If only one is at the end, copy the rest of the other to the output
array.
Correctness of MergeSort(A, begin, end):
pre-condition: nothing
len = end - begin
MergeSort(A, begin, begin + 1/2 len)
sorted(A, begin, begin + 1/2 len) is true ! (induction hypothesis)
MergeSort(A, begin + 1/2 len, end)
sorted(A, begin + 1/2 len, end) is true ! (induction hypothesis)
Merge(A, begin, begin + 1/2 len, end)
sorted(A, begin, end)
post-condition: sorted(A, begin, end)
Correctness of Merge(A, begin, mid, end):
pre-condition: sorted(A, begin, begin + 1/2 len)
and sorted(A, begin + 1/2 len, end)
post-condition: sorted(A, begin, end)
Let's visualize the time again.
* Each call to Merge Sort internally does O(k) computation, where
k is the size of the array at that point. That's because
Merge is O(k).
* The total amount of work at each layer is O(n).
_ cn _ = O(n)
/ \
cn/2 + cn/2 = cn in O(n)
/ \ / \
cn/4 + cn/4 + cn/4 + cn/4 = cn in O(n)
/ \ / \ / \ / \
...
* The depth of the recursion is O(log n)
* The time complexity of Merge Sort is O(log n) * O(n) = O(n log n)
## In-class exercise
The Closest Pair algorithm takes an array of length n of 2-dimensional
points and finds the pair points that are closest to each.

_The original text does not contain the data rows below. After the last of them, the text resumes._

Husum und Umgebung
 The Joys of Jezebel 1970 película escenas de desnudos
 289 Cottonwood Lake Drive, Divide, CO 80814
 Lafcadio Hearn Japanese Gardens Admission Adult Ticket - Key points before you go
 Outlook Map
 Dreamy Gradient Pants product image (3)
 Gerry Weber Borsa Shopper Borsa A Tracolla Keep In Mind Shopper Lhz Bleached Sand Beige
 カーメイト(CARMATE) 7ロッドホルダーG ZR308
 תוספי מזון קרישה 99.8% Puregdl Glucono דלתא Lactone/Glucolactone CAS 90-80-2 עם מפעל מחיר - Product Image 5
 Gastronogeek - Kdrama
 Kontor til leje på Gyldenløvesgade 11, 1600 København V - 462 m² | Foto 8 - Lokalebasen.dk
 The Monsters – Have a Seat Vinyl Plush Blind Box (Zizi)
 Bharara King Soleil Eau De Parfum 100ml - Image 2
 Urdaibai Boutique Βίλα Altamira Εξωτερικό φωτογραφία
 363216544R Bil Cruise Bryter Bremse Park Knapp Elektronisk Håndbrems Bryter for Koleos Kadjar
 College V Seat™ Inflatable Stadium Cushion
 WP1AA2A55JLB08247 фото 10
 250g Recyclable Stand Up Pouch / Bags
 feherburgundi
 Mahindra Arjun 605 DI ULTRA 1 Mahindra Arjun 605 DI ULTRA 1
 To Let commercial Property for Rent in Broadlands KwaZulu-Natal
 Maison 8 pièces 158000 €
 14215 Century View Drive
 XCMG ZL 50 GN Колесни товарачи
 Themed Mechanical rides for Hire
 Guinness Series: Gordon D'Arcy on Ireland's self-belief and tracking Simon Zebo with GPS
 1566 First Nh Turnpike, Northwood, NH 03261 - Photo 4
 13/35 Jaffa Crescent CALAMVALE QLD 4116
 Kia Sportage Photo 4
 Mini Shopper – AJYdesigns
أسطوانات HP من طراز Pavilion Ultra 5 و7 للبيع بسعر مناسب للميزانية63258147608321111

* Divide: Sort the array according to the x-coordinates of the
points. Split the array of points in half with a vertical line.
* Conquer: recursively apply this algorithm to the left and right
half. This yields a closest pair of points for the left half and
likewise for the right half. Let δ be the distance between
the closer of the two pairs.
* Combine: Check whether there is a pair of points that spans the
vertical line whose distance is less than δ. Is so, that's the
answer. Otherwise, the answer is the closer of the pairs from the
left and right halves.
The divide step is O(n log n), e.g., using Merge Sort.
The combine step, surprisingly, is only O(n log n). It also involves sorting.
What is the big-O time complexity of Closest Pair?